But that’s okay, Lally says, because not everyone can make every practice due to scheduling conflicts.

Lally keeps tabs on who attends each session with an accountability chart posted on a wall in the practice room. As long the wrestlers make as many practices as they can, there is a place for them on the team, he explains.

The Stony Brook Wrestling Club will field 11 weight classes ranging from 125 to 285 pounds.

Most of the club’s wrestlers are from Nassau and Suffolk Counties, but it also features students from upstate New York, New York City, New Jersey, Arizona and Russia.

“We have talent here at the University that hasn’t even been tapped into,” said Lally.

As Lally and his squad await the purchase of a $10,000 mat, which will eventually find a home in the state-of-the-art Campus Recreation Center that opened next door to Pritchard on October 19, he grapples with the dilemma of how to stretch the $3,000 allotted to his club by the Undergraduate Student Government this year to cover costs such as equipment and travel.

In his first year as wrestling coach, Lally says he hopes to hold a golf outing and find other ways to help pay for the mat.

Prior to this year, Stony Brook students who wanted to wrestle were part of a loose-knit fraternity of athletes who used the space whenever it was available. As a result of Lally’s vision and recruiting, now, for the first time, the club is part of a league, governed by the National Collegiate Wrestling Association.

The club is set to embark on its first full season of competition, which begins with a dual meet on Saturday, November 10, at 12 pm against the University of New Haven in New Haven, Connecticut.

Because there is no home facility, for now, all the Stony Brook Wrestling Club’s meets will be away. But that doesn’t discourage Lally, who says he is grateful to finally have a “structure, a system, leadership and a model.”

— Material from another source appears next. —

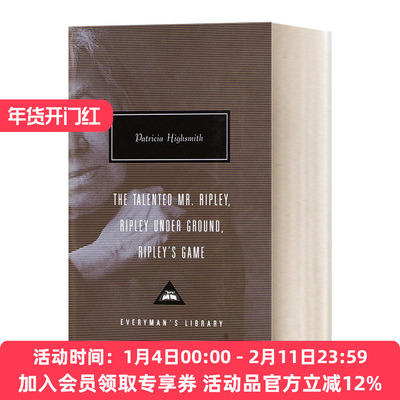 英文原版 The Talented Mr. Ripley  Ripley Under Ground  Ripley's Game 天才雷普利 冒牌人生 人人图书馆当代经典系列 进口书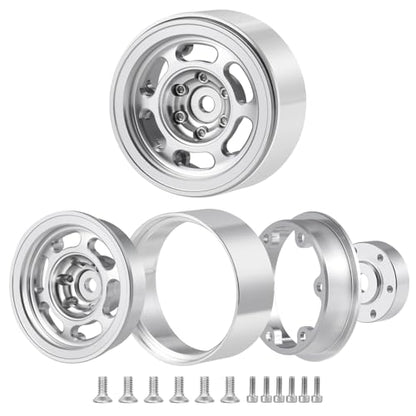 1.3inch Beadlock Wheel Hub Wheel Rim ＆ 70mm/2.76inch Crawler Tires | 4PCS Aluminum 1.3" Beadlock Wheels & Rubber Tires Set for 1/18 1/24 RC Crawler Car SCX24 TRX4M Upgrade Parts (Silver) - color: Silver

Fortunately, the 29-year-old Lally, who is volunteering his time as coach, isn’t shouldering all of this alone. Club President senior Bobby Beneventano handles University protocol, including rosters and other paperwork.

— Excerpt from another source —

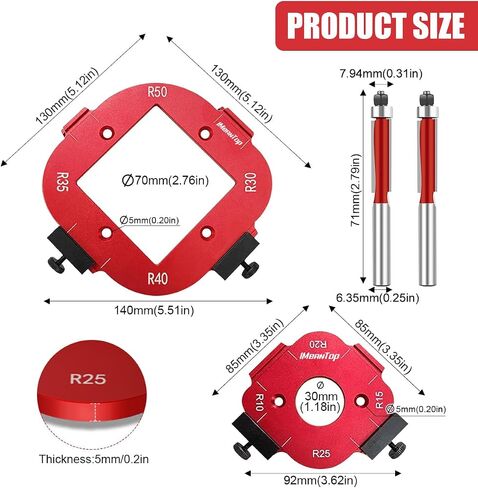 Router Corner Radius Template Router Radius Jig Aluminum Alloy Router Templates for Woodworking Router Corner Jigs and Templates R10/R15/R20/R25/ R30/R35/R40/R50 Use with Router Table in Kuwait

Lally explains that lack of television coverage, a complex scoring system and other factors have taken their toll on the sport of folkstyle wrestling, which has been enjoyed by high school and college students and their fans since the dawn of the 20th century.

But Lally doesn’t dwell on the negative. Instead he tells his wrestlers an anecdote of how two shoe salesmen were told to travel to a remote, rural part of the world to assess business opportunities. Noting that none of the people wore shoes, one salesman said there was a tremendous opportunity to market shoes; the other said that there was no market to sell to.

Relating the anecdote to Stony Brook, Lally says it’s a matter of perspective.

“We are very lucky to have a budget and a charter and a place to wrestle,” he says.

A former collegiate wrestler at the University of Pittsburgh, Lally lived in New York until the age of five when his immigrant parents joined a wave of Long Islanders moving to the Pocono Mountains in the early 1990s.

He almost gave up on the sport after suffering a neck injury at the age of 23. “I herniated a disc and have a metal plate with four screws in my neck,” he says. Eventually over time he couldn’t turn his back on the sport that he loved so much. “I started volunteering to coach at Parkland High School in Allentown, PA, where I went to high school,” he said.

He then moved back to New York in 2008, to accept a position as junior high school coach in Port Jefferson. He followed that up with a head wrestling coaching position at Nazareth High School in Brooklyn from 2009-2010 to become a high school wrestling referee.

He also volunteered to participate in Beat the Streets for one year, a program aimed at establishing a wrestling program in every New York City school.

Missing Long Island, Lally returned in 2011 to put down roots and start a family. He contemplated building a wrestling program at the community college level but realized that the constant turnover would disrupt continuity. Instead he approached then Manager of Intramurals and Sports Clubs Dave Hairston at Stony Brook at the Department of Campus Recreation and was encouraged to join the National Collegiate Wrestling Association. “We’re excited,” says Lally “This program has the potential to turn out an All-American or a National Champion. With no alumni or history I’m excited to see who will be the first one atop the podium,” a term that Lally explained includes the top eight All-Americans.

Lally pauses, smiling broadly. “Perhaps you’ve heard of a coach here named Matt Senk,” he says. “He began a baseball program here 22 years ago and took it from there to Division 1 until he reached the Collegiate World Series this year. I would like to be that kind of a coach.